> _DATASET SECTION_
-*-
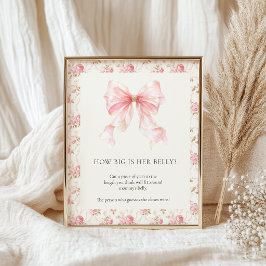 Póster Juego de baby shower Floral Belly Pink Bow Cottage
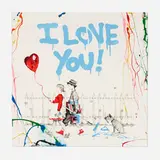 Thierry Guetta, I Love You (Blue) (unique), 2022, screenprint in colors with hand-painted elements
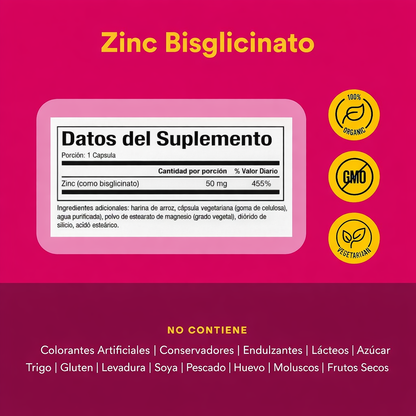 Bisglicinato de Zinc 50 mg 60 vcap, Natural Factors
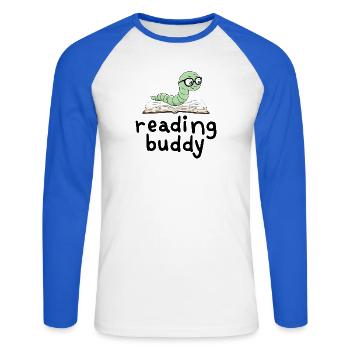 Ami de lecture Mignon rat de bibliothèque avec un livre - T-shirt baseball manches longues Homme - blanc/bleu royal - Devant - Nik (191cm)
-*-
> _ASSIGNMENT_
Reproduce the lines of the listing exactly, starting at the one that contains "Bisglicinato de Zinc" and continuing through the final line, but leave out the pictures.

> _YOUR RESPONSE_
 Bisglicinato de Zinc 50 mg 60 vcap, Natural Factors
 Ami de lecture Mignon rat de bibliothèque avec un livre - T-shirt baseball manches longues Homme - blanc/bleu royal - Devant - Nik (191cm)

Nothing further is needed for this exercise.